Despite all the 'boys did us proud' claptrap that the more forgiving fans tend to spout, that's exactly what it was --an unequivocal failure.
All we managed during a sub-standard tournament for the Irish was the expected drubbings of the cannon fodder and a laboured victory over a limited Italian side, before our one glimmer of light when we put the fickle French to the sword.
However, after watching their no-show against the All Blacks you could safely say that it's the worst French team in living memory with a clueless coach, and it's obvious that the money-fuelled Top 14 league has stolen the soul of the game in the Gallic nation.
It would be easy to roll out the predictable excuses about injuries and losing talismanic leaders from the squad, but the truth is we're just not good enough and Argentina cruelly exposed our limitations with an impressive display of force and flair.
The warning signs were clearly there when England were dismantled by Australia with military-like precision. We may have pipped Stuart Lancaster's men to a couple of Six Nations championships but we are pretty much on a par with the World Cup hosts and their demise clearly illustrated the enormity of our task.
The Wallabies may have survived by the skin of their teeth against a brave Scotland side but, unlike the ruthless All Blacks, they have a habit of taking teams for granted and given the correct application would have won the game comfortably, instead of falling over the line.
The Irish rugby team normally gets an easy time when it comes to criticism but to never win a knockout game in the World Cup is nothing short of shocking, and we couldn't have asked for a more favourable draw than this time around. When you consider that New Zealand, Australia, South Africa, Argentina, England, Ireland, Wales, France and at a push Scotland are the only half decent sides playing the game, never reaching the semi-finals is simply not good enough.
It's impossible to argue against the belief that we just don't show up for the big occasion and our lack of ambition and the one-dimensional nature of our play was blindingly obvious on Sunday.
Of course, the eternally happy back-patters will argue that we've managed to win the ones that matter in the Six Nations, but sadly in comparison to the Rugby Championship down under, it's more like an all-weather handicap around Wolverhampton than the Epsom Derby.

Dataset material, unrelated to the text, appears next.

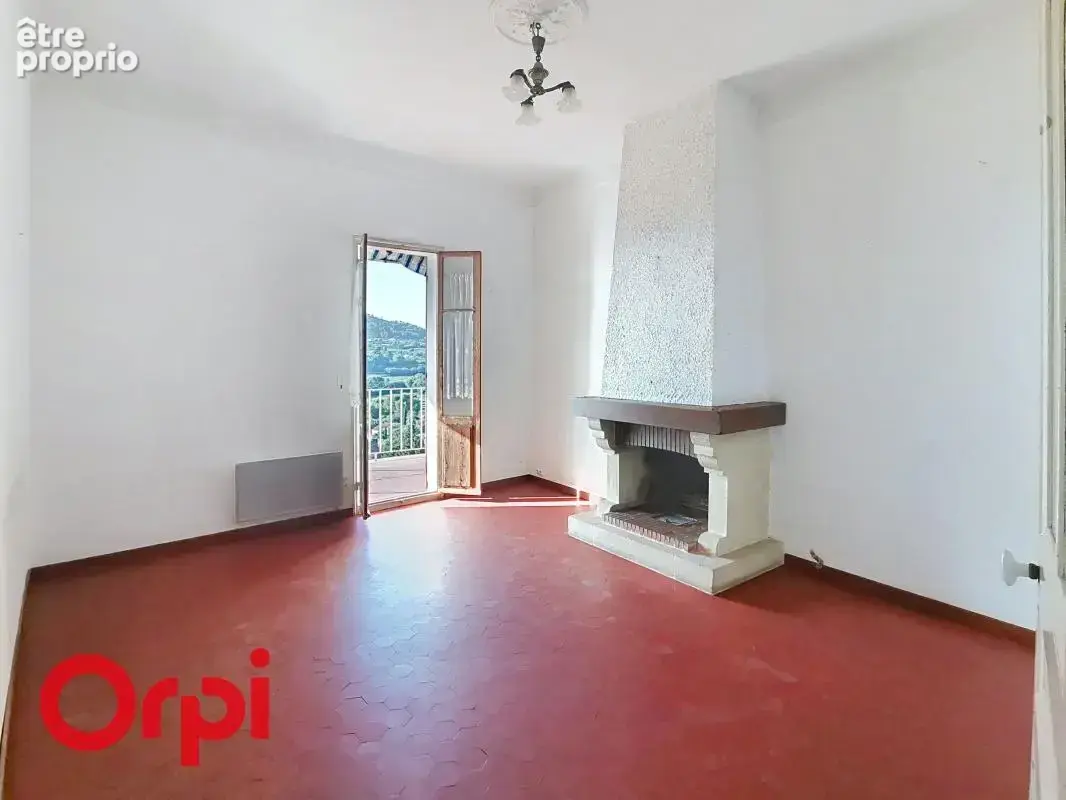 Maison de village de 78 m² avec terrasse Sud – La Cadière-d'Azur - photo 3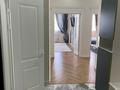 2-бөлмелі пәтер · 70 м² · 9/9 қабат, мкр Астана , Аргынбекова 78, бағасы: 270 000 ₸ в Шымкенте, Каратауский р-н — фото 15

The southern hemisphere teams play a far more attractive and expansive game that encourages skill and deft play and doesn't just rely on brute force.
The quick hands and off-loads produced by the All Blacks would have you oohing and aahing and if most of our squad, or any other northern hemisphere players for that matter, tried it they would rupture something and end up in A&E.
It's probably no coincidence that the four semi-finalists haven't been ravaged by injury to the same extent as their European rivals given that they let the ball do most of the work instead of mindlessly and repeatedly running into blind alleys and kicking the ball into the high heavens and leaping like hopeful gazelles into the air and praying that they get the right bounce of the oval ball.
Ireland may be good enough to win the Six Nations, but like it or not, it is just a regional tournament.
It's always a fine achievement to win it but as we've been brutally reminded at the weekend, despite world rankings telling us otherwise, it's far from an accurate reflection of where we stand in the game globally.
Argentina have shown that it's possible to improve rapidly when you're playing the best regularly so instead of laughing at England's demise we need to see them getting back to their world-beating best sooner rather than later, as the only way Ireland can improve is if the Six Nations as whole is on an upward curve.
To that end, we also need France to start taking the Six Nations seriously again and getting back to the beautiful care-free brand of rugby that we all fell in love with, where they would attack from all angles and run the ball from anywhere, even behind their own try line.
We've a long way to go to punch on level weights on a world stage but for now, instead of applauding failure, we have to take a long, hard look at why things went so badly askew, and try our damnedest to put it right.